**INSTRUCTIONS TO FOLLOW:**
Nothing but an exact copy is asked for: the lines in the material below from the one with "Pull the shoulder" through the one with "The 2016 recommendations", pictures excluded.

⁂

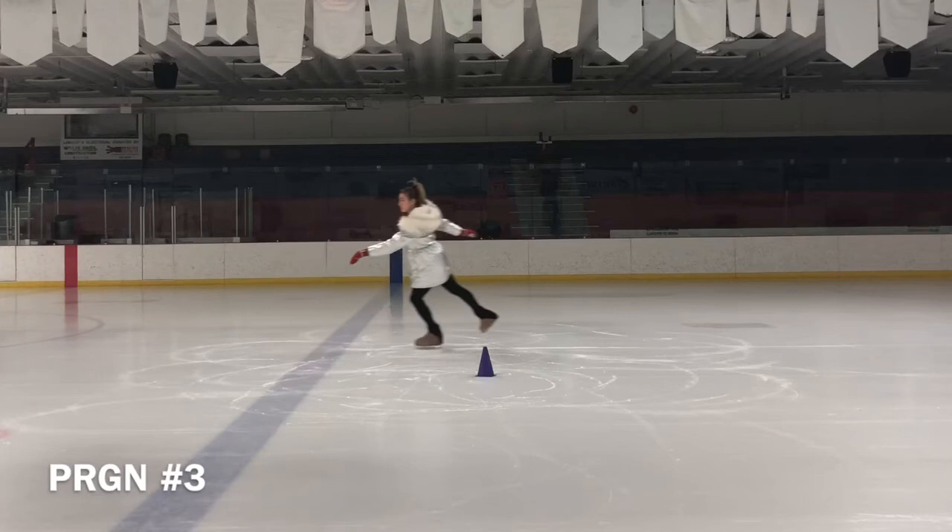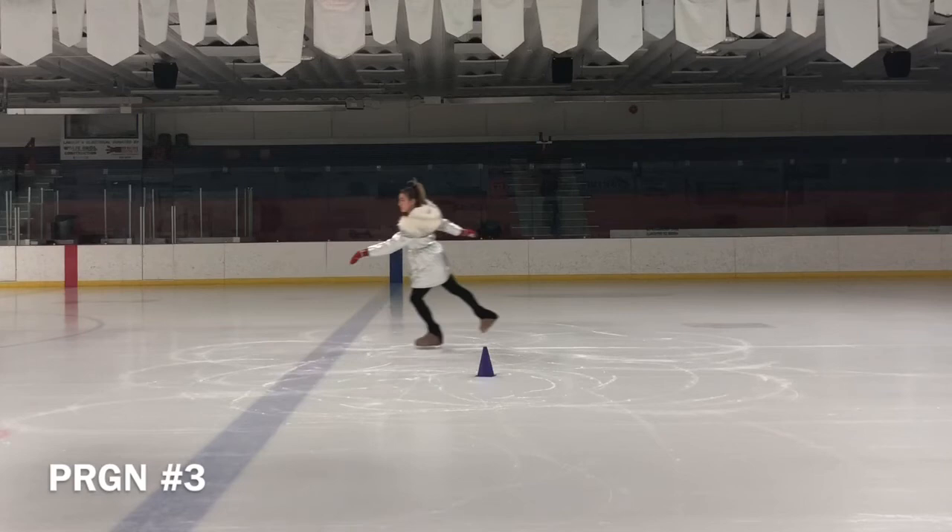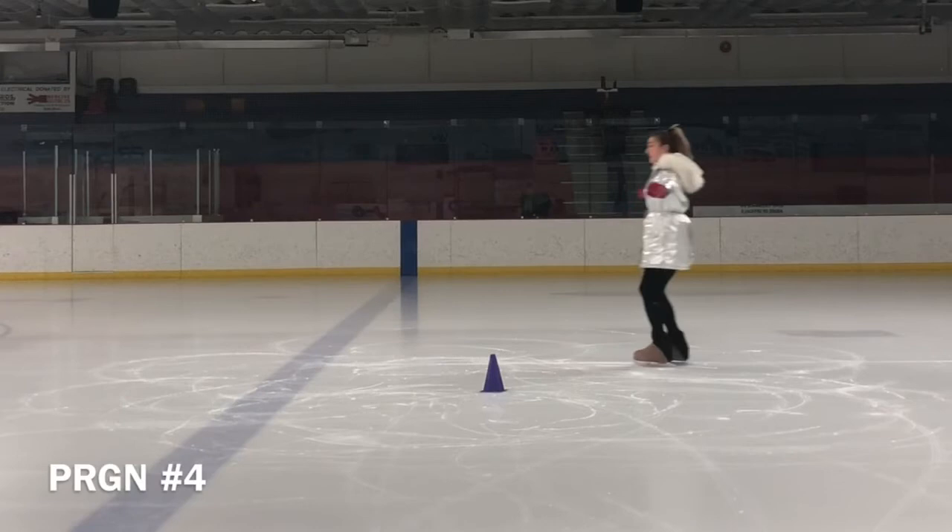It takes patience and self-discipline as a coach to make sure our skaters are doing it right, even while they learn it for the first time.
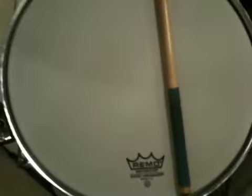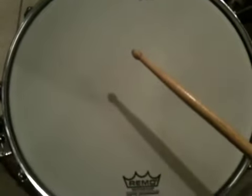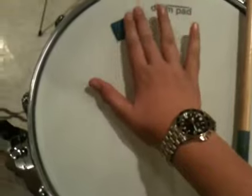So here's a before and after. I'm going to remove this stick. This is what my snare sounds like without Moon Gel. Now if I just stick it on here and lay it down a bit, now it sounds like this.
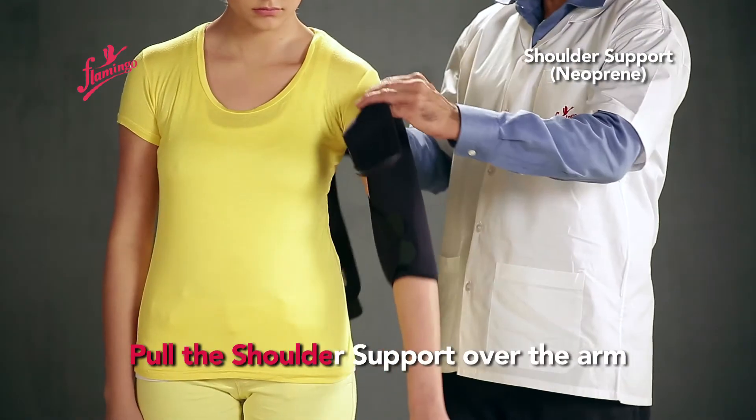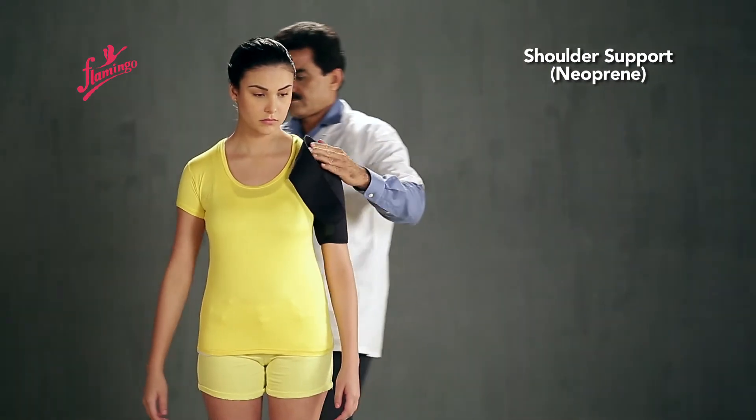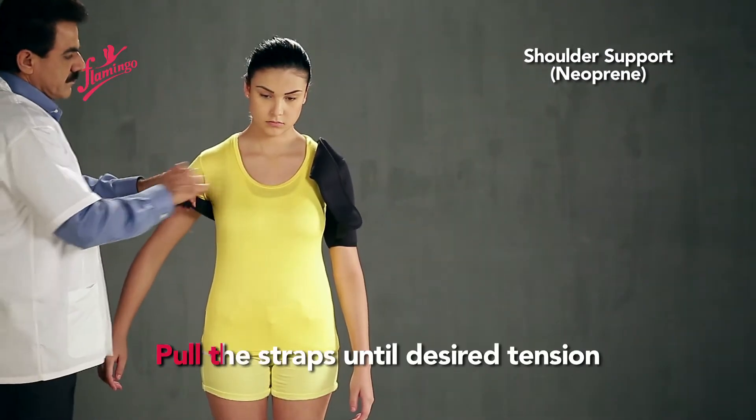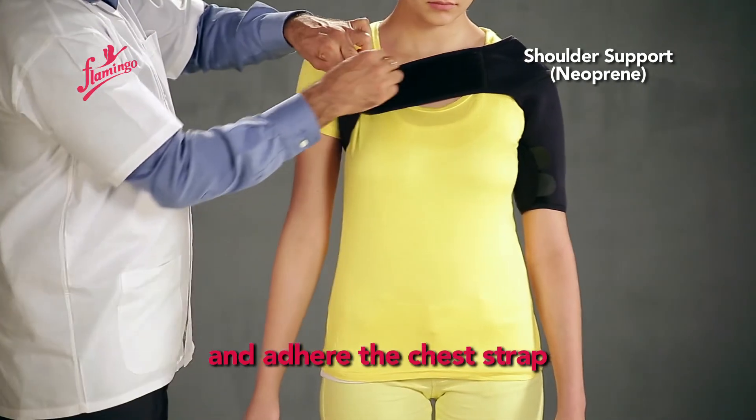Pull the shoulder support over the arm and shoulder. Pull the straps until desired tension and adhere the chest strap.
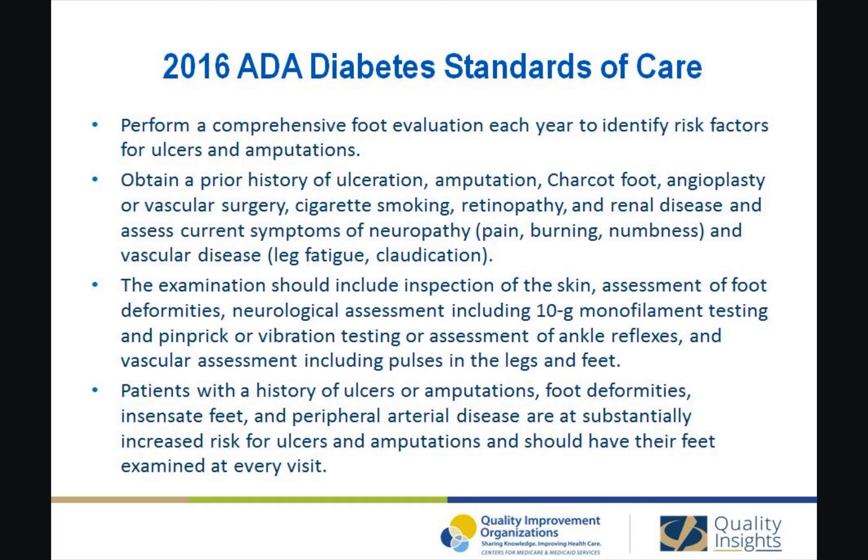The 2016 recommendations include performing a comprehensive foot evaluation each year to identify risk factors for ulcers and amputations, obtaining a prior history of ulceration, amputation, Charcot foot, angioplasty, or vascular surgery, cigarette smoking, retinopathy, and renal disease.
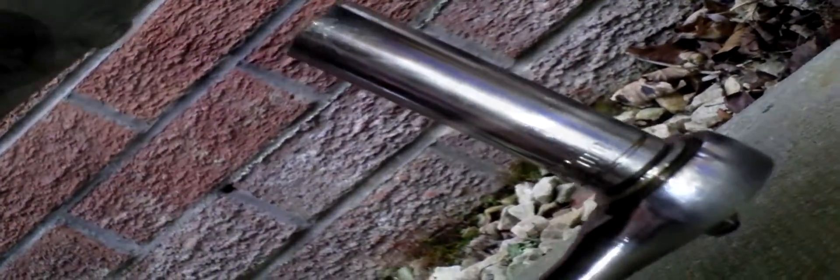Next you need to get underneath to get out the exhaust. You can see there are two chromed bolts up in there that bring it onto the manifold. We are on the 12mm socket for these, and as you can see it is a long reach socket — just reach in and get round the pipe.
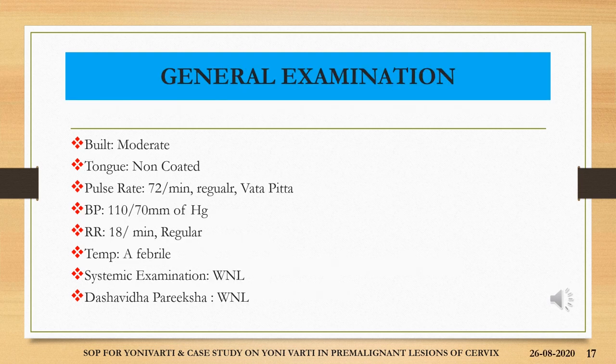The general examination revealed moderate built, tongue was not coated, pulse rate was 72 beats per minute — regular, corresponding with Vata Pitta Nadi. Blood pressure was 110/70 mmHg. Respiratory rate was 18 per minute, regular. Temperature — she was afebrile. Systemic examination and all Ashta Sthana Pariksha were within normal limits.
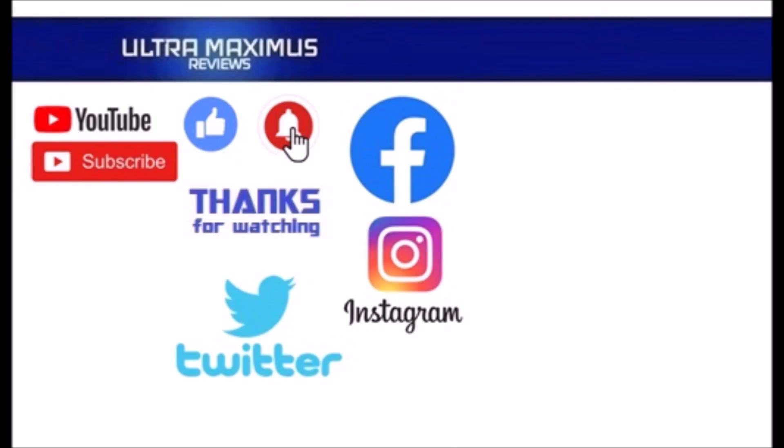Hey guys, thanks for watching! To watch more Ultra Maximus, click on the links to the right. Be sure to click all the things — subscribe, like, and hit that notification bell for new videos. Follow me on all the social medias: Facebook, Instagram, and Twitter. Links are in the description below.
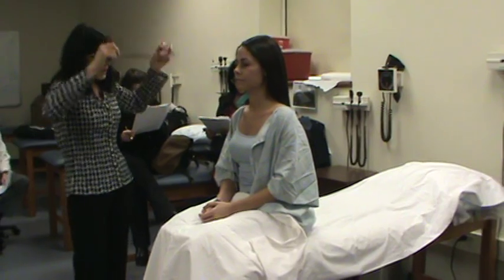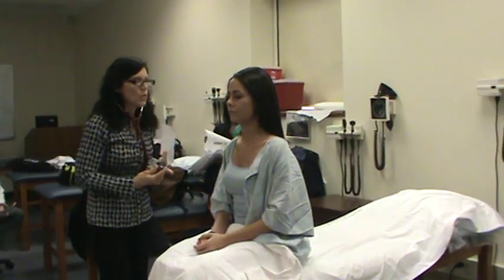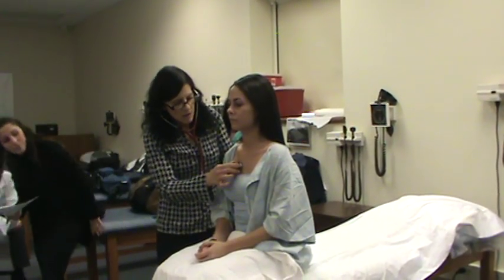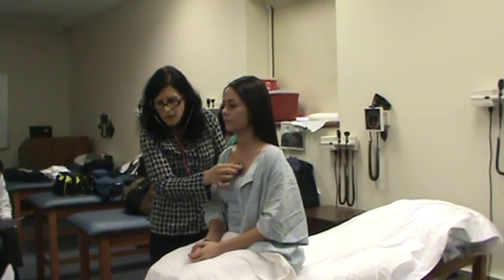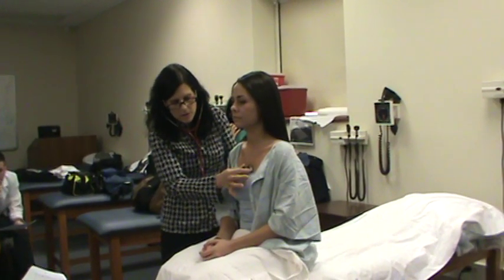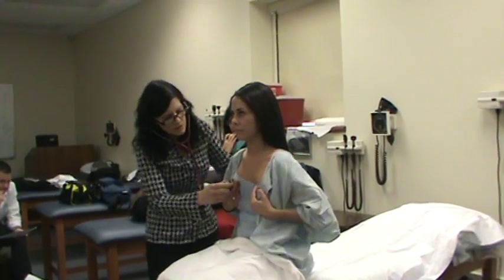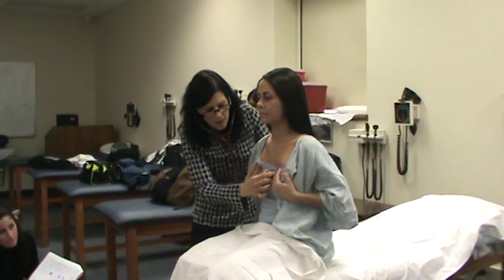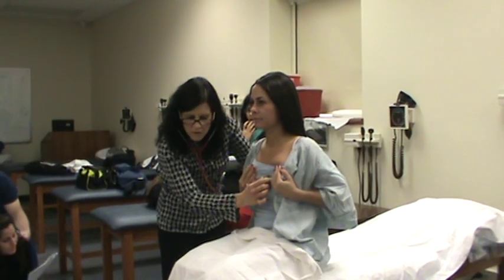Now I'm going to listen to your heart. I'm going to start up in the right second intercostal space so I can listen to the aortic area. I'm going to test to make sure I'm listening with my diaphragm. Then the left second intercostal space for pulmonic. Third for Erb's. Can I ask you to move your breasts? Fourth intercostal space for tricuspid. And then right about in the mid-clavicular line for the mitral.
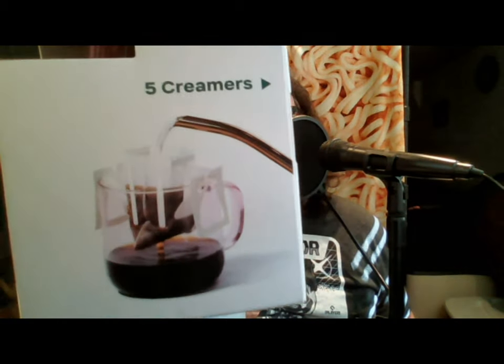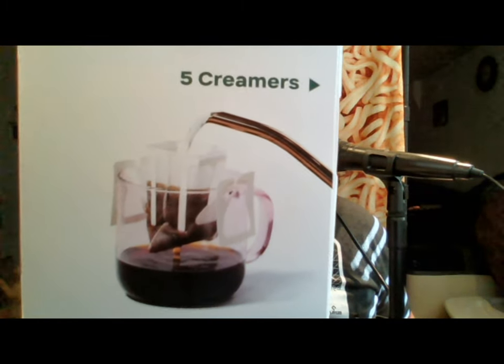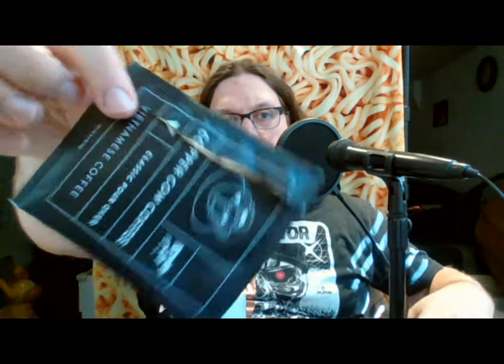Copper Cow Coffee uses alliteration in their name, and what they are is little individual pour-over coffees that come in small packs. I got a variety pack that came with five different flavors — this is the smallest option I could find that still had somewhat of a variety. They specialize in pour-over but also in what they call Vietnamese coffee.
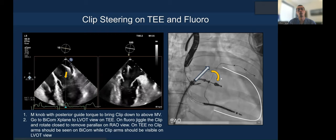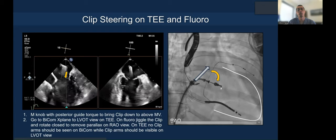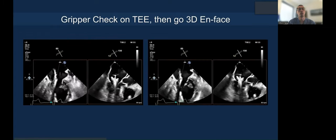On fluoroscopy, you're aiming with posterior guide knob and trying to land the clip in the correct position. After that, you jiggle to take the parallax out of the clip and also to loosen the tension in the system.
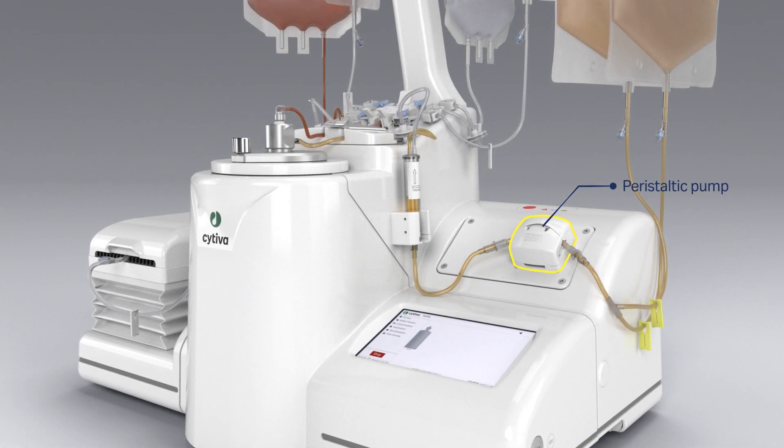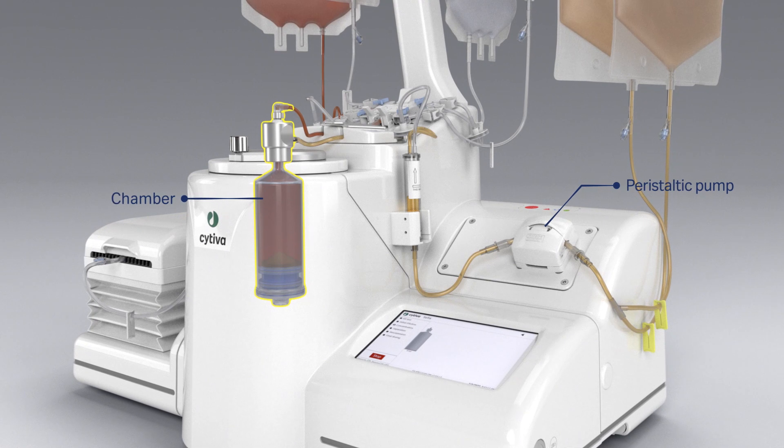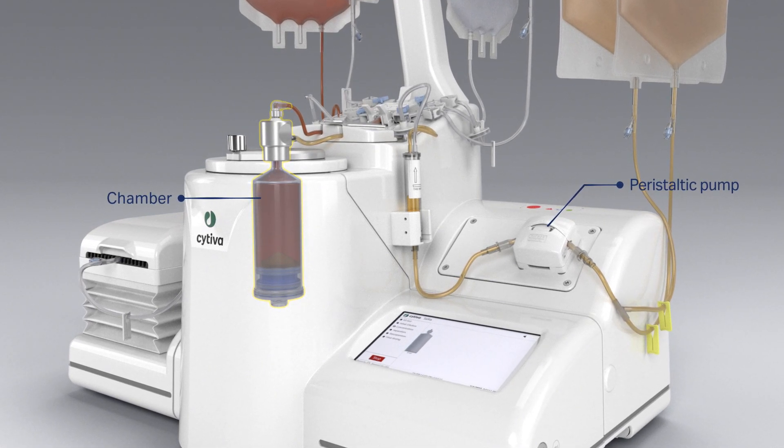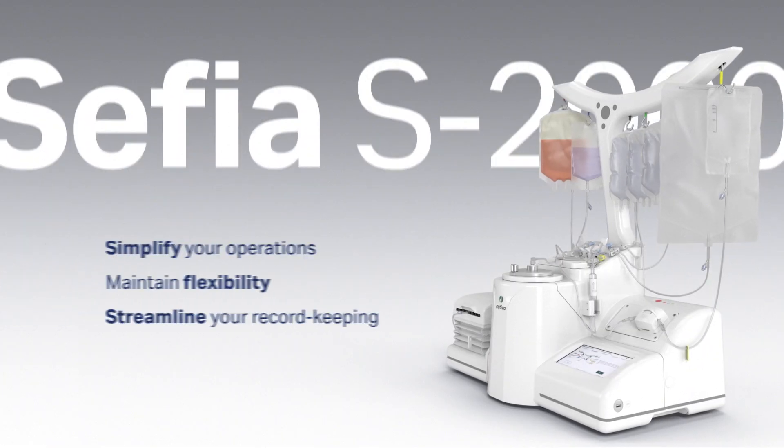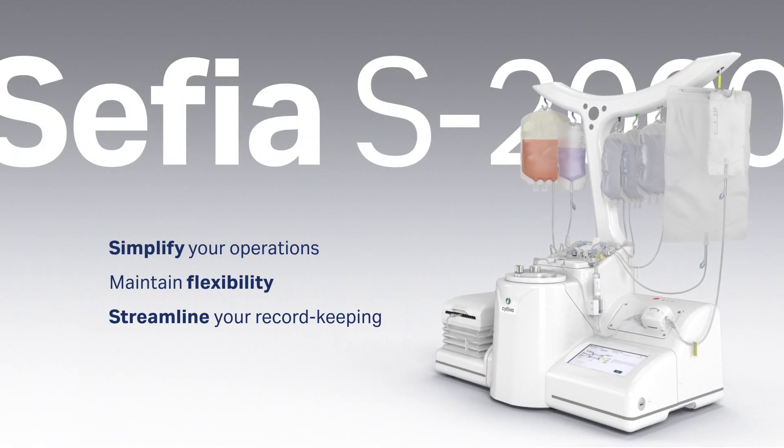For large initial volumes, the peristaltic pump is used in combination with a specific separation chamber on the single-use kit to perform continuous flow. The peristaltic pump extracts the supernatant while the initial product fills into the separation chamber.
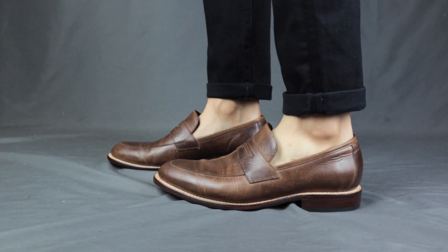So in terms of aesthetics, both the Lincoln loafer and the Hand-Sewn loafer look fabulous in their own ways, so I'm giving them both a 9 out of 10.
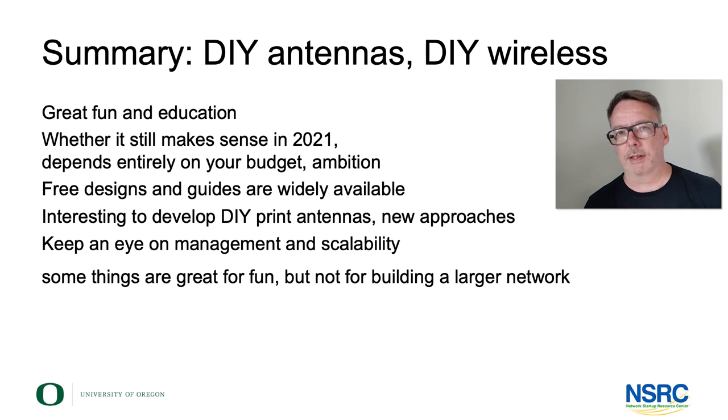You also want to maintain it, manage it, keep it running, and monitor it. So try to balance these aspects when you make your decisions about do-it-yourself wireless.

⁂

**SOLUTION FOR THIS EXERCISE:**
Pull the shoulder support over the arm and shoulder. Pull the straps until desired tension and adhere the chest strap.
The 2016 recommendations include performing a comprehensive foot evaluation each year to identify risk factors for ulcers and amputations, obtaining a prior history of ulceration, amputation, Charcot foot, angioplasty, or vascular surgery, cigarette smoking, retinopathy, and renal disease.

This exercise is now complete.